It seems that, in general, *_b* replicates have a lower call rate. But do they have a lower call rate than their respective *_a* replicate? Let’s assess.

CallRate2 <- CallRate %>%
    filter(replica != "norep") %>%
    mutate(sampleID = str_remove(sampleID, "_a$|_b$")) %>%
    pivot_wider(names_from = replica, values_from = callRate)

#also create a vector of all individuals without replicates
#which we want to retain
inds.to.retain <- CallRate %>%
    filter(replica == "norep") %>%
    pull(sampleID)

Now let’s plot a vs b replicates

p3 <- ggplot(CallRate2) +
    geom_point(aes(y=a, x=b)) +
    ylim(0,1) +
    xlim(0,1) +
    geom_abline(intercept = 0, slope = 1)

p3

## Warning: Removed 10 rows containing missing values (geom_point).

Well, apparently it’s not always the case that _a replicates have higher call rate than _b replicates. So, let’s assess which one is higher for each sample, and then create a vector containing only those samples with a higher call rate.

CallRate2 <- CallRate2 %>%
  mutate(best = case_when(is.na(a) == TRUE ~ "b",
                          is.na(b) == TRUE ~ "a",
                          a >= b ~ "a",
                          a < b ~ "b")) %>%
  mutate(sampleID = paste0(sampleID,"_",best))

inds.to.retain2 <- CallRate2 %>% pull(sampleID)

Merge individual IDs for samples with and without replicates that we want to retain

inds.to.retain <- sort(c(inds.to.retain,inds.to.retain2))

rm(inds.to.retain2)

And finally filter accordingly

my.df <- my.df[(my.df$sampleID %in% inds.to.retain),]

temp <- as_tibble(CallRate[(CallRate$sampleID %in% inds.to.retain),])

Now, let’s look at the distribution of call rate once more

p4 <- ggplot(temp) +
    geom_boxplot(aes(y=callRate)) +
    ylim(0,1)

p4

The last thing that is left is to filter samples with a call rate well outside the expected range. Let’s look at how many individuals would still be filtered with a call rate threshold of 0.6

temp %>% filter(callRate <= 0.6)

## # A tibble: 3 × 3
##   sampleID     callRate replica
##   <chr>           <dbl> <chr>  
## 1 LS_LM_HC_090    0.567 norep  
## 2 LS_LM_HC_278    0.476 norep  
## 3 LS_LM_HC_311    0.369 norep

We will use 0.6 as a filter.

inds.to.retain <- CallRate %>%
    filter(callRate >= 0.6) %>%
    pull(sampleID)

my.df <- my.df[(my.df$sampleID %in% inds.to.retain),]
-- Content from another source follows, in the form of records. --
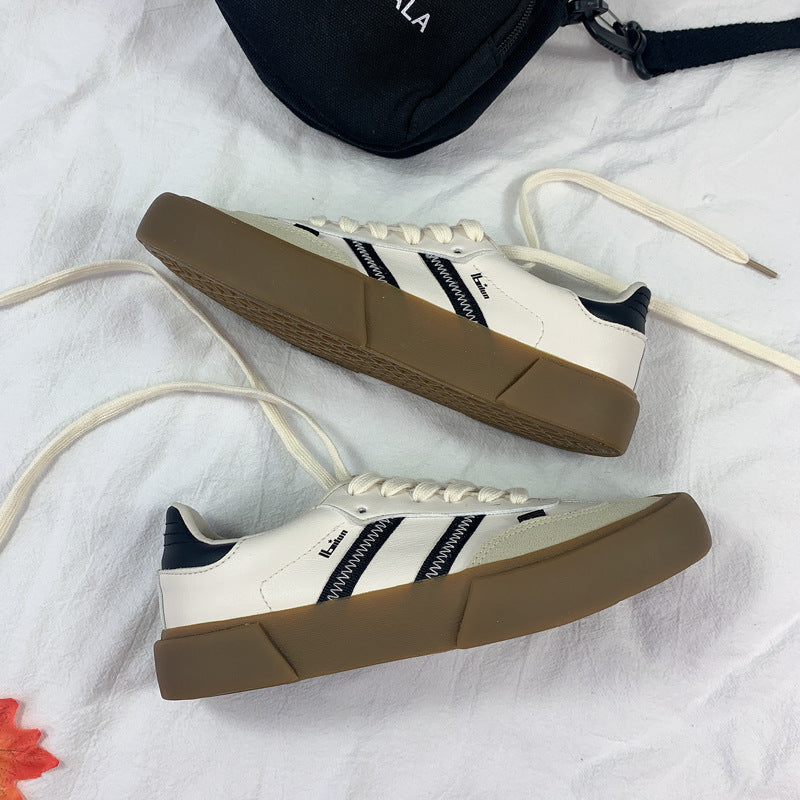 Step into Fall Fashion: Retro White Leather Shoes - Couple Style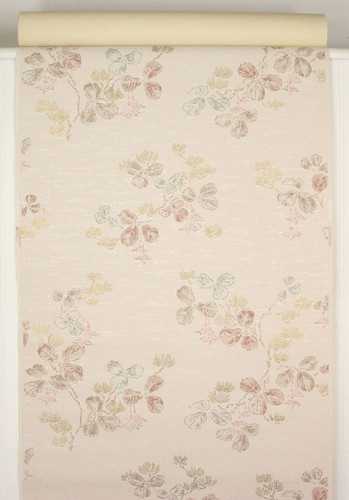 1950s Vintage Wallpaper Leaves Pink Flowers
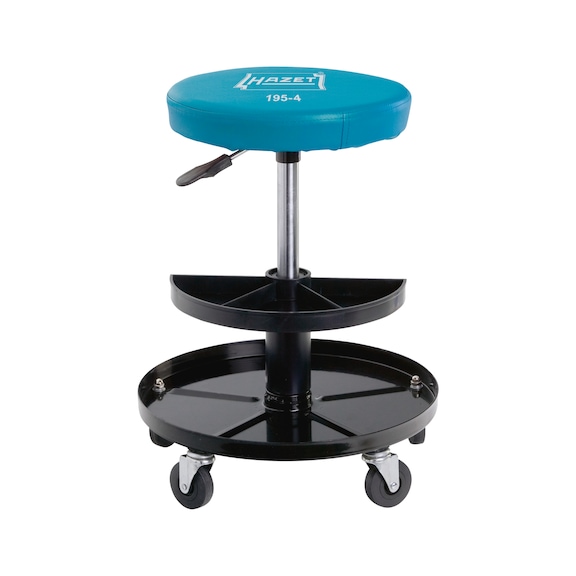 Rolling stool, load cap. 150 kg, seat height-adj. 380-510 mm, seat dia. 320 mm - Rolling stool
Finally, save the resulting file.

#saveRDS(my.df, file = #"../1_DataPrep/2_1_FilteredIndividuals_HC.RData")

3. Marker metrics and filtering

Now that we have filtered out by individual, we can move onto assessing call rate and maf across markers. The first thing to do is to transpose to have individuals as columns instead of rows.

Read in the filtered data from the previous step (I have a lot of these intermediary steps to speed up re-running the code from a certain spot and for insurance in case anything goes wrong. There are probably better ways to do it but this is how I know to do it).

my.df <- readRDS("../1_DataPrep/2_1_FilteredIndividuals_HC.RData")

Transpose

my.df <- as_tibble(t(my.df),
                   rownames = "row_names")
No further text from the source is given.